Ketika Rasulullah saw telah
wafat, Salman dikenal dengan sosok pemimpin yang begitu zuhud. Hingga
Ali bin Abi Thalib menggelari Salman dengan “Luqman al-Hakim”. Alasannya adalah
karena Salman telah dikaruniai ilmu yang pertama dan juga ilmu yang terakhir,
yaitu telah membaca kitab yang pertama dan kitab yang terakhir.
Laku zuhudnya adalah nasehat
dan panutan bagi sahabat yang lain. Ketika Salman tengah mengalami sakit yang
parah hingga seakan ajal telah begitu dekat, Sa’ad bin Abi Waqqash
menjenguknya. Ketika Salman melihat salah seorang sahabat tercintanya yaitu
Sa’ad, lantas bercucuran air mata Salman.

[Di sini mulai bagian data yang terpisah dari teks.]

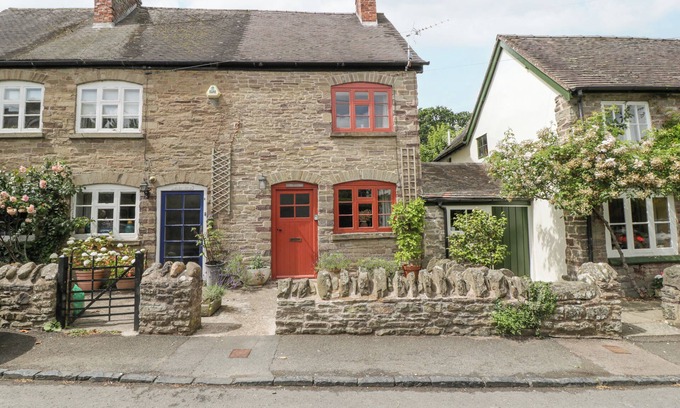 Weobley Cabaña | STONE COTTAGE, pet friendly, character holiday cottage in Weobley
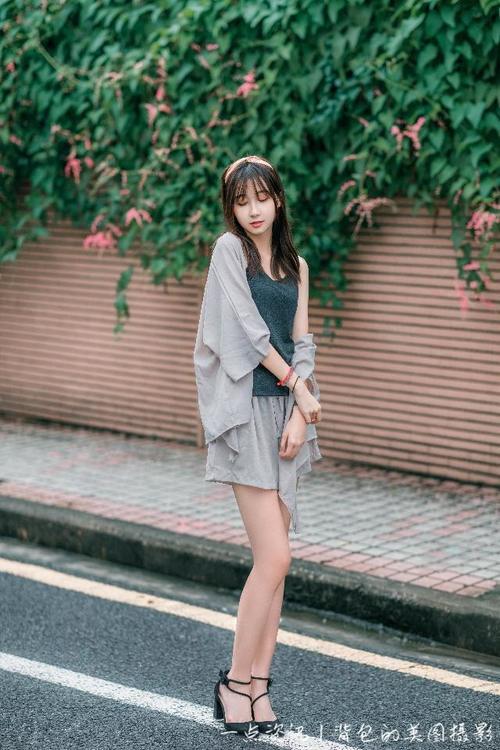 路人街拍，小姐姐笑的好美啊，一袭黑色的长裙，显得很优雅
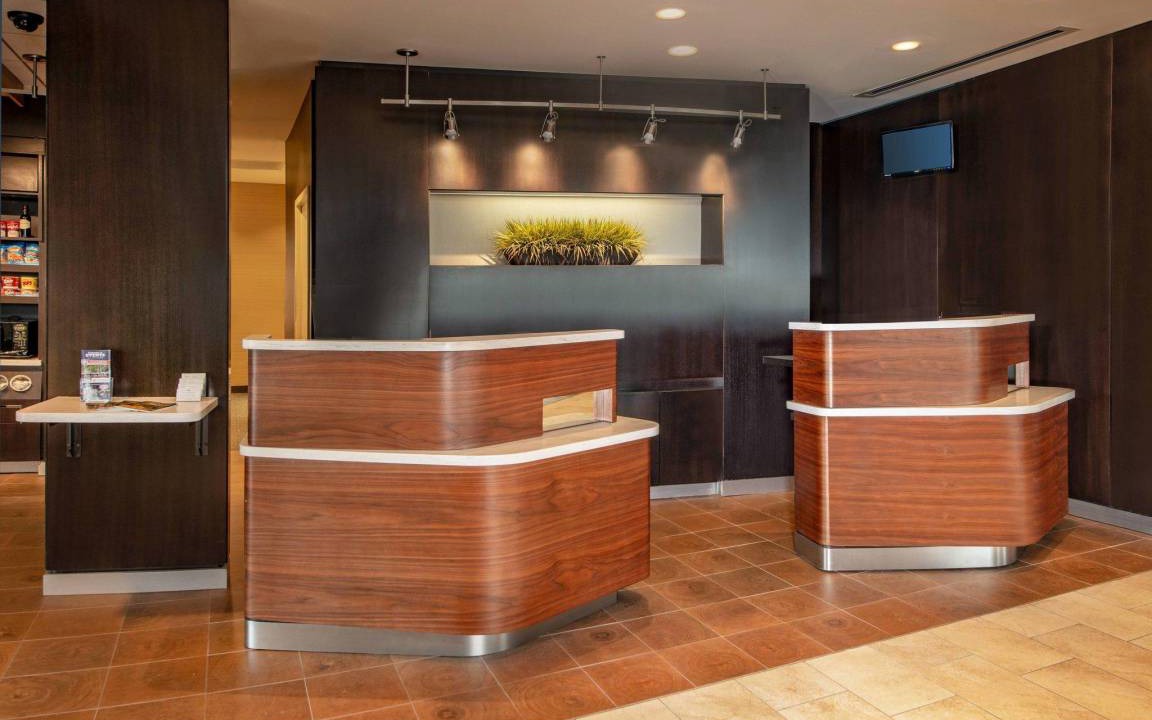 Halfway Hotel | 61 m² Hotel ∙ 4 guests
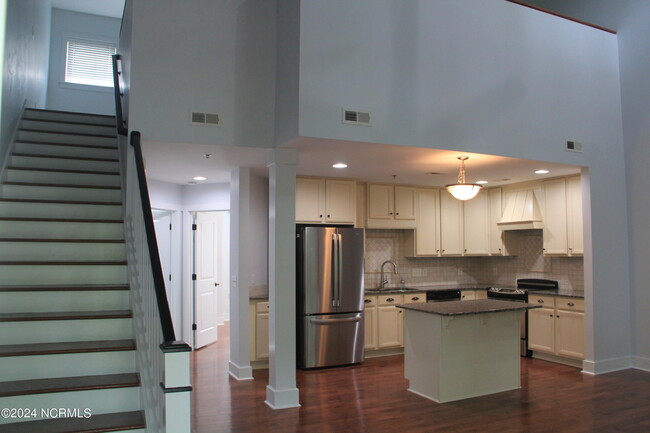 Foto del edificio - 4032 Masonboro Loop Rd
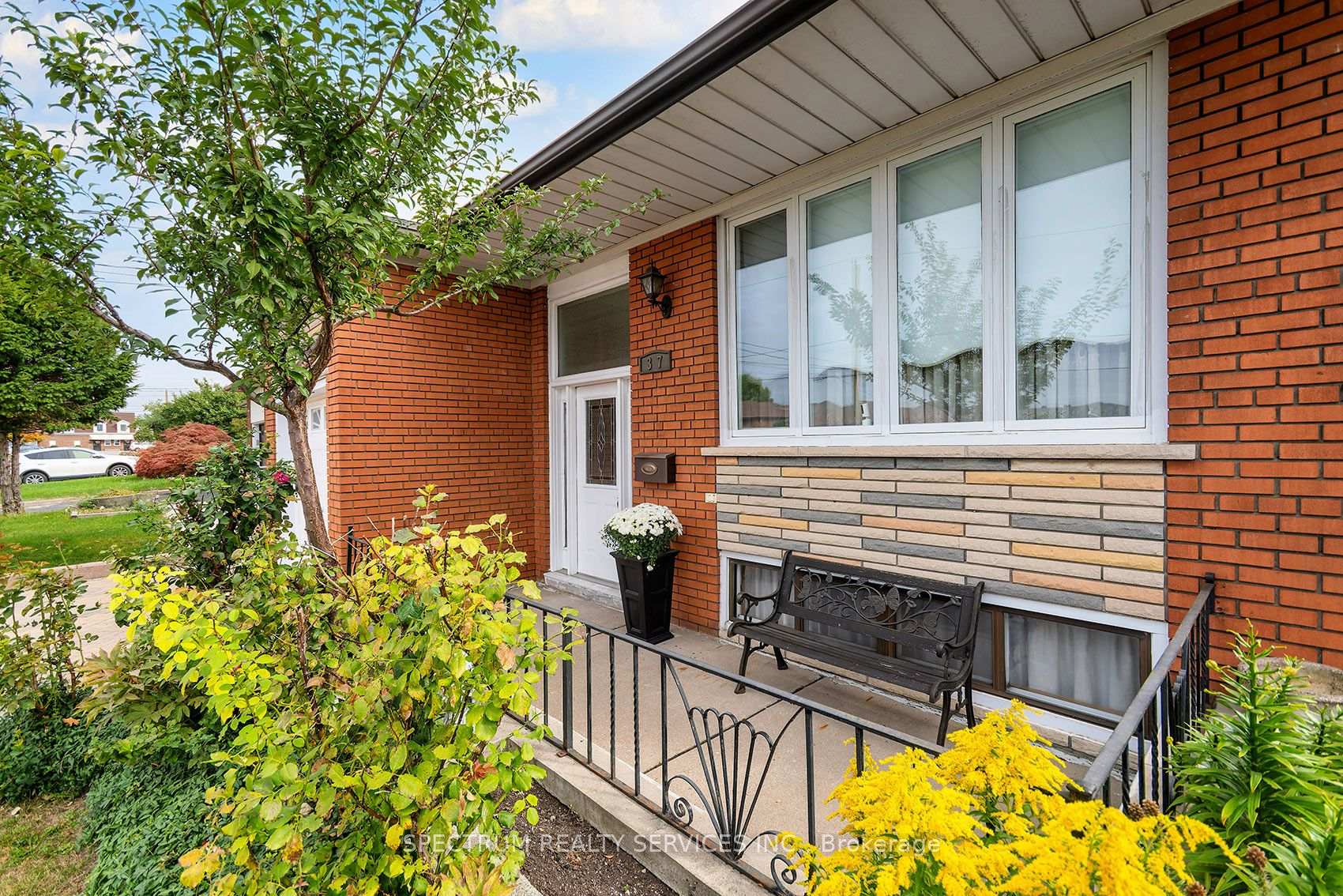 Photo 3 of 37 Jocada Road, North York, Maple Leaf — HOMEH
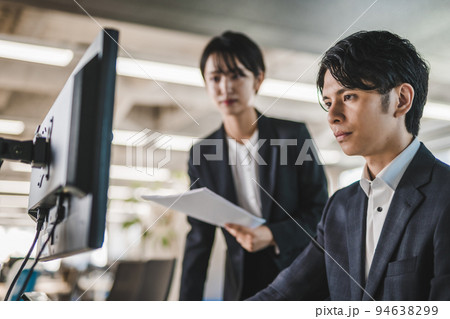 職場で働くスーツを着たビジネスパーソン 94638299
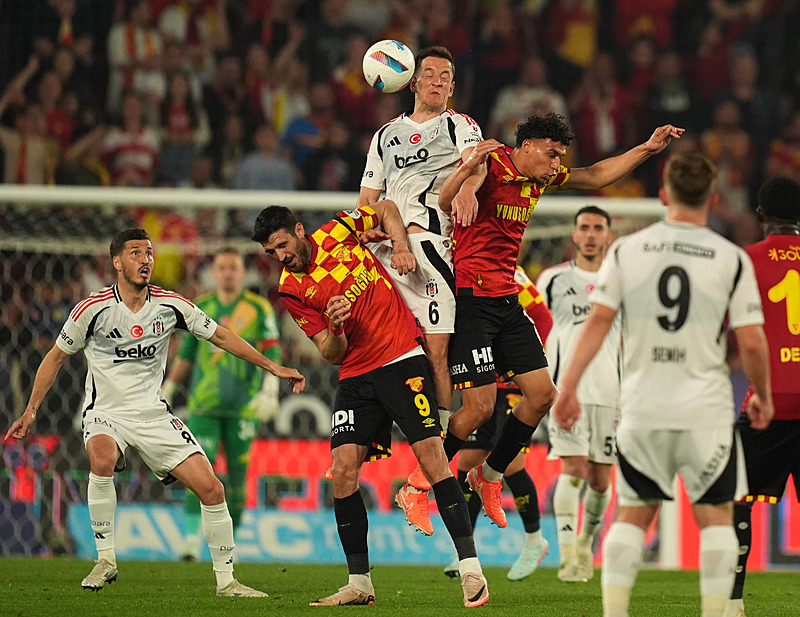 Spor yazarları Göztepe - Beşiktaş maçını değerlendirdi!
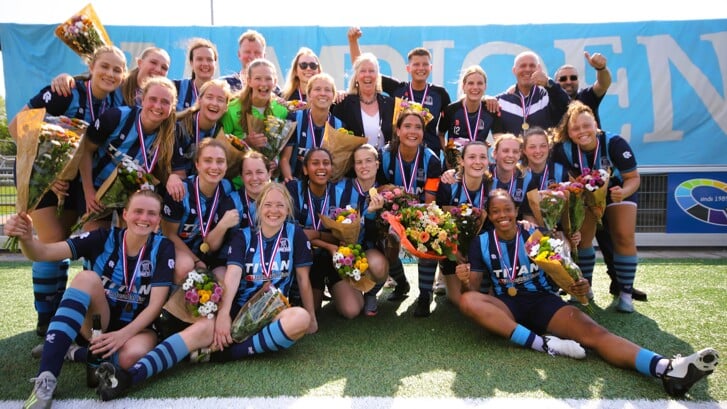 Forum Sport Vrouwen ging na afloop met sportwethouder Astrid van Eekelen (midden boven) op de kampioensfoto (foto: AW).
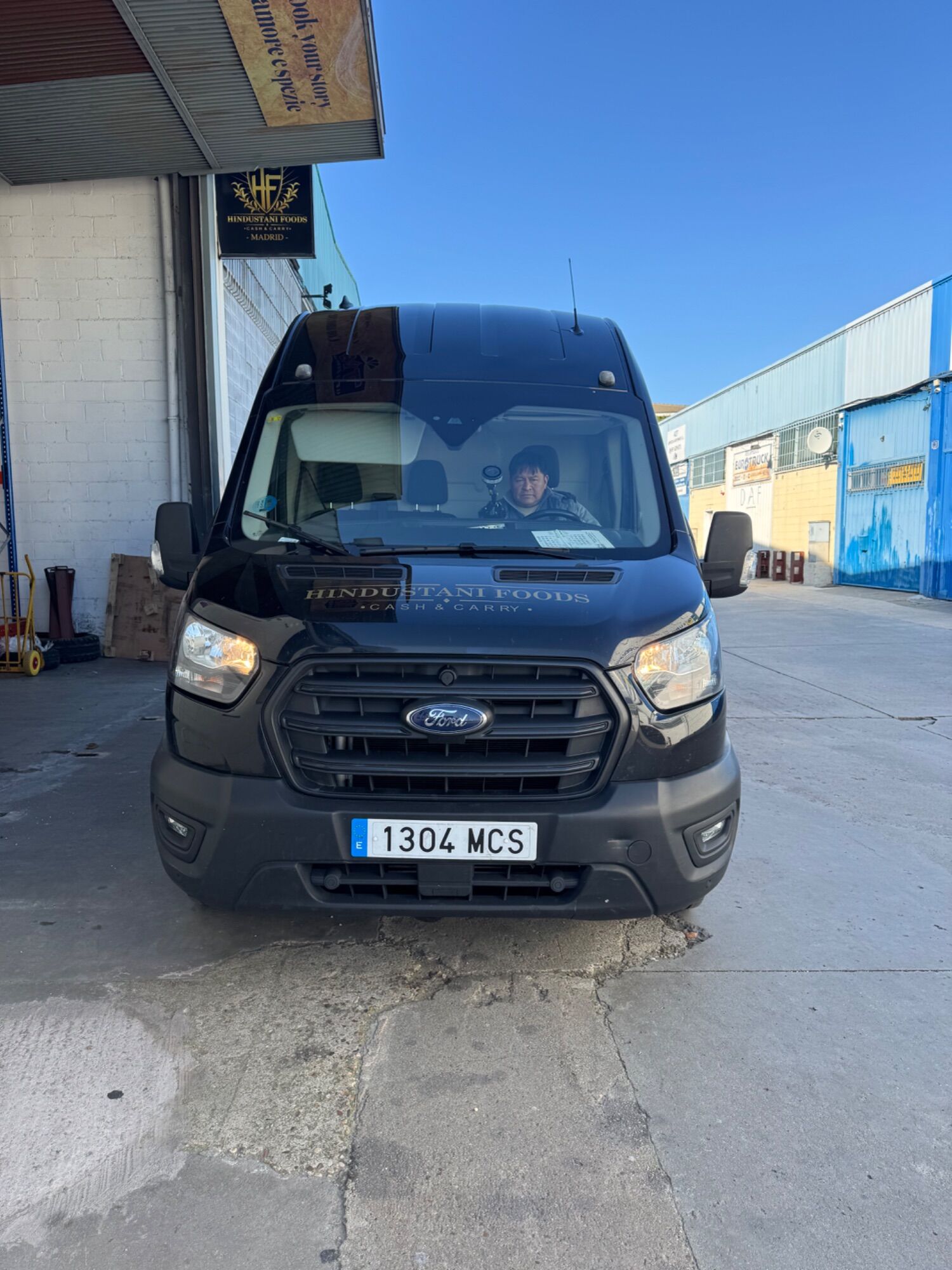 Foto del FORD Transit FT 350 Chasis Cabina 2.0 EcoBlue Hybrid L4 Trend RWD 170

Sa’ad keheranan dan bertanya
“Apa yang engkau
tangisi wahai Abu Abdillah (Salman) ? Sedangkan Rasulullah saw wafat dalam
keadaan ridha padamu”. Salman berkata “Demi Allah, aku tak
menangis keran takut mati ataupun mengharapkan kemewahan dunia. Melainkan aku
teringat akan pesan Rasulullah pada kita semua”.
Rasullullah saw pernah
berucap “Hendaklah
bagian setiap kalian dari kekakyaan dunia ini seperti bekal seorang
pengendara”. “Padahal harta milikiku begitu banyak”, ungkap Salman. Nampak
bertambah heran Sa’ad, padahal Sa’ad hanya melihat disekeliling perabotan rumah
Salman beruba satu piring dan sebuah wadah untuk bersuci.
Pada saat Salman menajbag
sebagai Gubernur Madain, ia tetap menolak untuk memperoleh gaji dan tunjangan.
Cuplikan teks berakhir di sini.